* Data records:
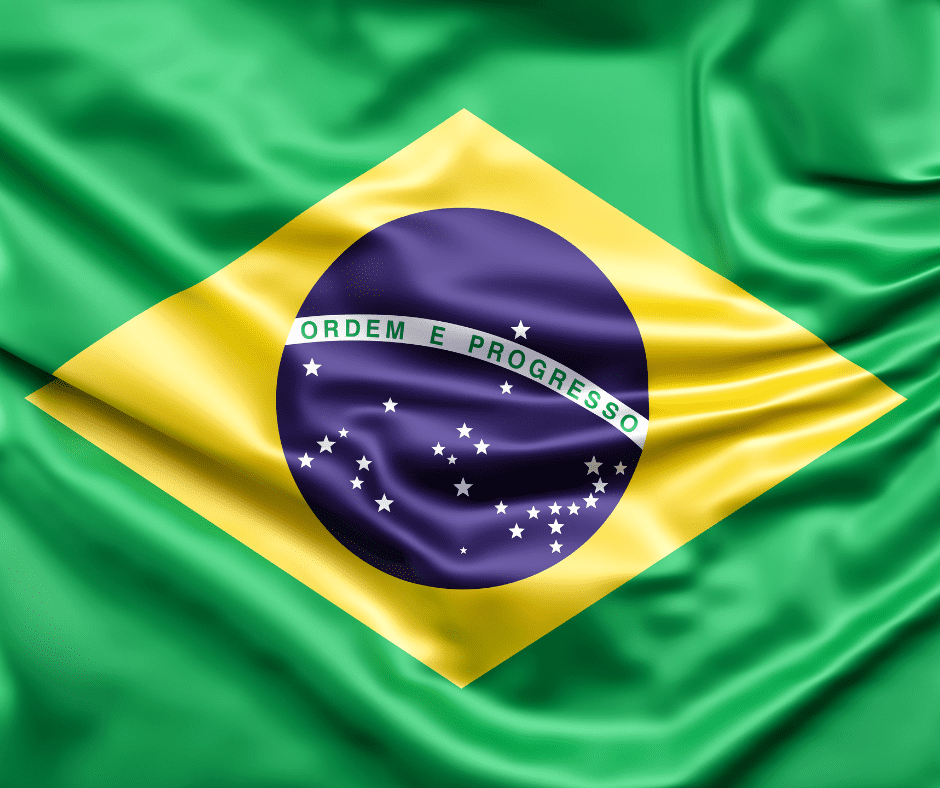 Como Funciona o Sistema Jurídico Brasileiro: bandeira do brasil tremulante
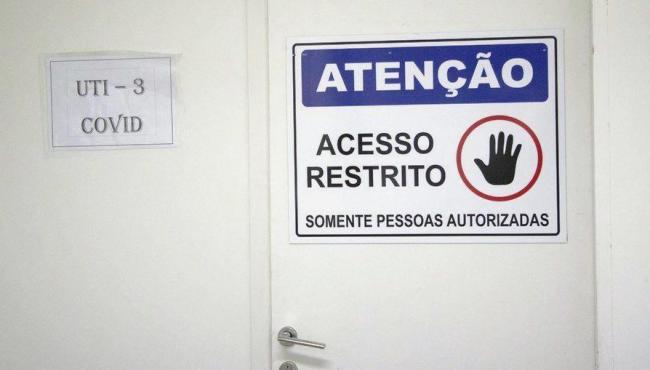 Com 764 mortes em 24 horas, Brasil mantém queda na média móvel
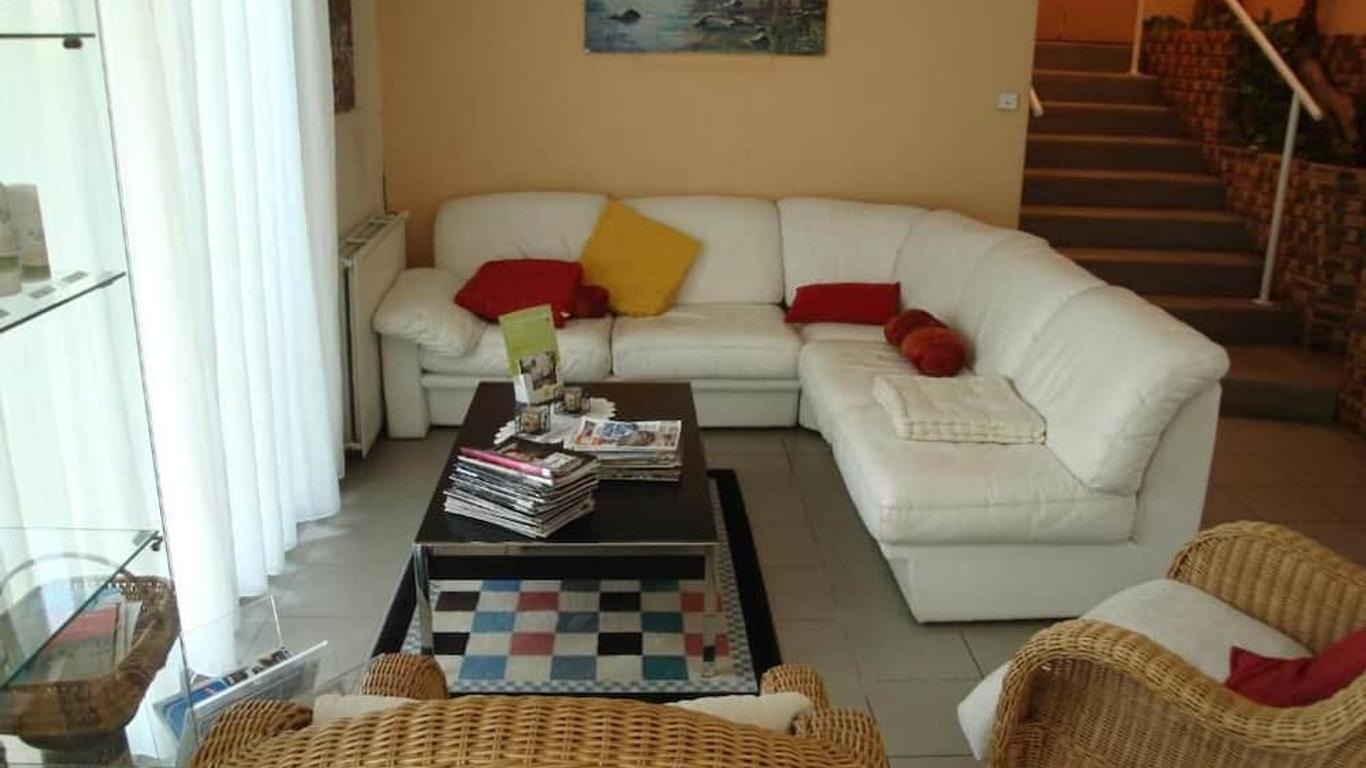 Hôtel Restaurant Bar Du Commerce - Kb Hotel Group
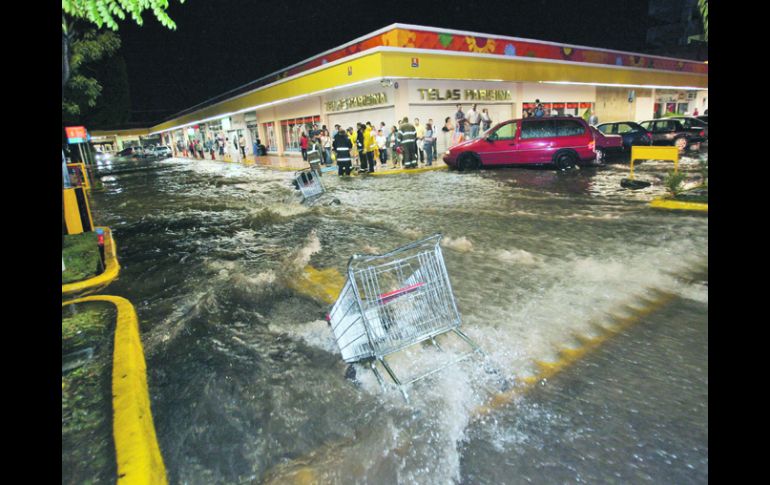 Año con año, mismo escenario. Centro comercial en el cruce de Avenida Mariano Otero y Adolfo López Mateos.  /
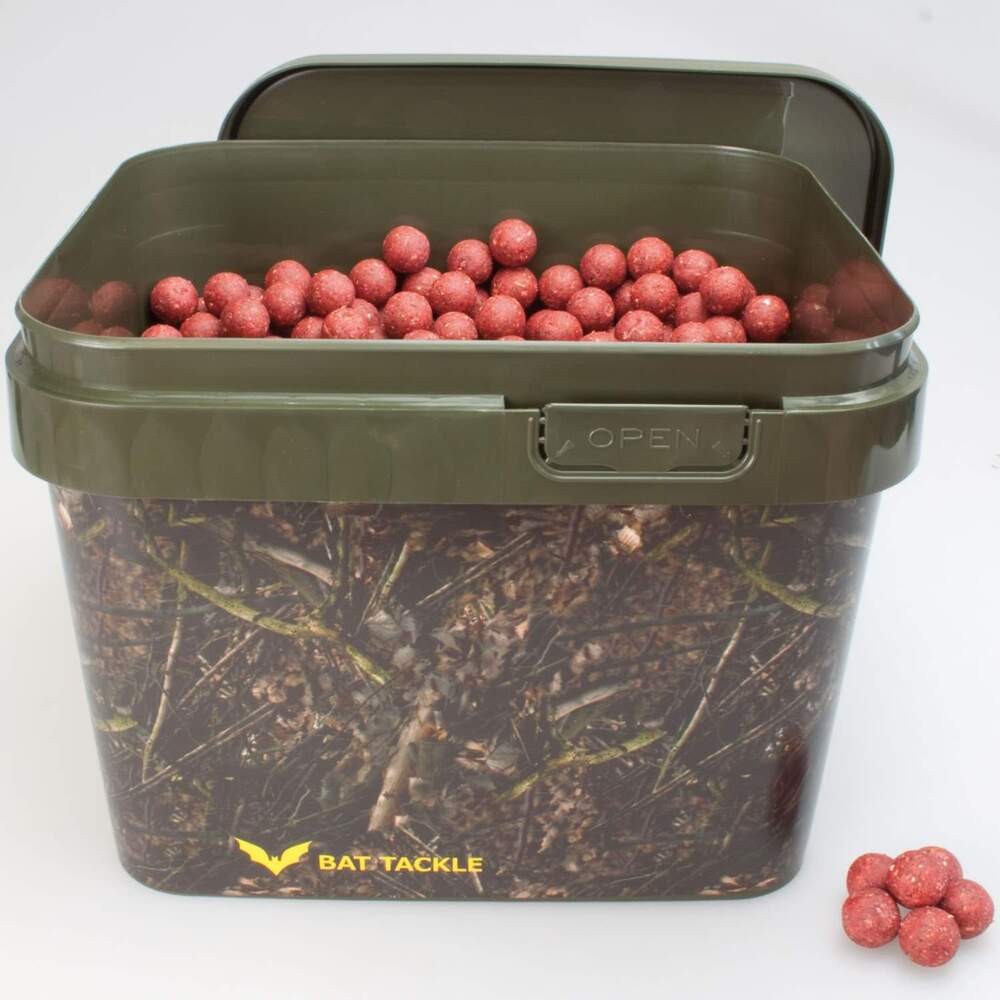 Bat Tackle B? Se Boilies I Realistric?  Spand 2 5kg Thrill Krill   Boilies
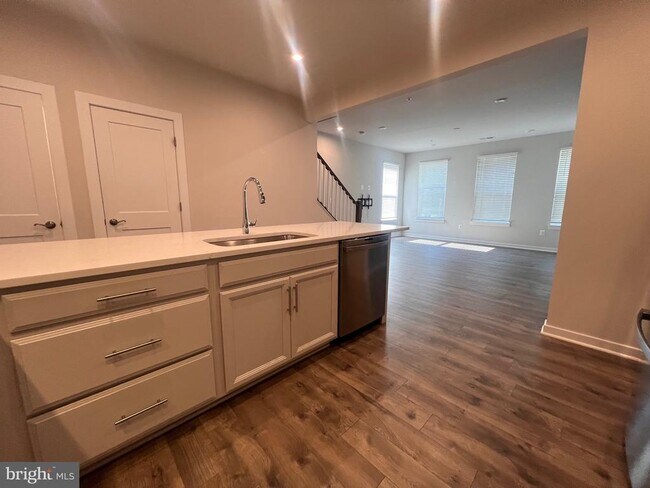 Building Photo - 44625 Wolfhound Sq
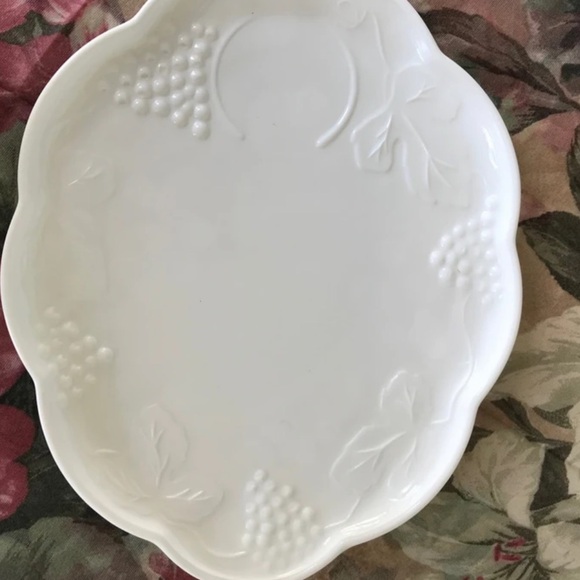 MILK GLASS LUNCHEON PARTY PLATES SET OF 4 VINTAGE 1950s APPETIZER - Picture 2 of 6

* Goal of the exercise:
From the line containing "Bat Tackle B?" to the last line of the records, inclusive, output the lines exactly as written and nothing else; leave out the pictures.

* Solution:
 Bat Tackle B? Se Boilies I Realistric?  Spand 2 5kg Thrill Krill   Boilies
 Building Photo - 44625 Wolfhound Sq
 MILK GLASS LUNCHEON PARTY PLATES SET OF 4 VINTAGE 1950s APPETIZER - Picture 2 of 6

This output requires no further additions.